Pro Teens

If one were to drop Pro Teens’s latest onto a turntable without commentary or context, it would be tough to pinpoint the album’s age. It’s not just the production style, which lands somewhere between Phil Spector’s bleary wall of sound and dream pop’s slow bleeding synths. It’s also the musicianship—the side-stepping bass line and bluesy janks of guitar, the trashy tambourine and distant clacking claves, and the rubber bounce of singer and guitarist Andy Phipps’s voice—that mimics some ‘60s and ‘70s aesthetic.

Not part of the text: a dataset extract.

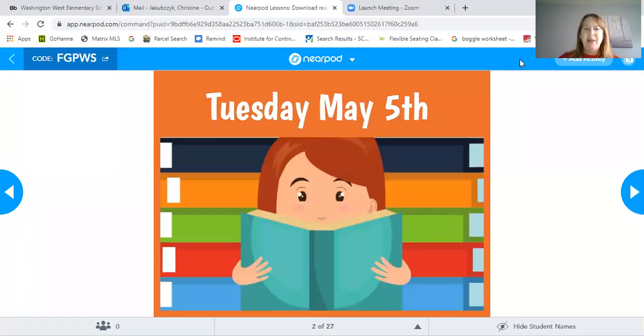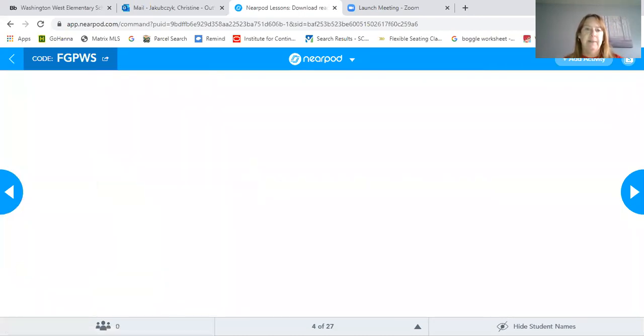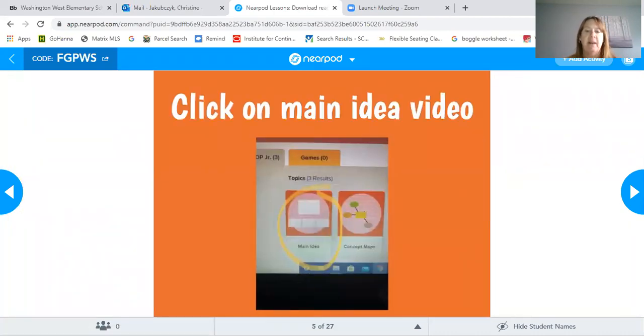Hi boys and girls, it's Tuesday May 5th, it's Mrs. J, your beautiful queen. Today we're going to continue to read informational text and work on main idea and key details. Parents, if you get on the Insignia page, there's a great BrainPop Junior video on main idea — just type in main idea and you'll see that video pop up. Those instructions should be on your Class Dojo page.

But Accidentally, which closely follows 2015’s self-titled debut, is no throwback. Instead, Pro Teens presents each song with a snide smirk, especially their punchier ones. “Puberty,” for example, sounds like something Elvis Costello would perform with the Attractions—flailing keys and all—if the song were left too close to the radiator and melted all over itself. Likewise, “Contact High,” with it’s romping bass and breezy acoustic streaks, feels like a Pet Sounds outcast, rejected for seeming too winding and dire. These songs seem fun and easy, performed with the effortlessness of the Wrecking Crew, but strange as well, shrouded in a shy of delirium.

Certainly, there’s a side of Accidentally that caricatures rock’s canon. There’s another side, though, that seems more exploratory. Some songs are slower, like the “Motel Reflections” and “No Nothin,” on which Phipp’s voice becomes slinkier, swings loose beside the guitars. These tracks wander alleyways that feel unfamiliar, climb corridors that lead to unexpected crawlspaces, tuck around tight corners that open to layers of limitlessness. Even “Decoy” begins as slow, snowy ballad, then builds into a breathy throb that spins itself into a wispy cotton spiral before dropping back into the snow.

Still, each song on Accidentally is presented with a knowing wink. Indeed, Pro Teens seem aware of the finesse with which their LP is performed; aware of their influences and where they’ve stretched them; and aware that, when one takes the album off the turntable, they’ll want to flip it over and try to figure it out all over again.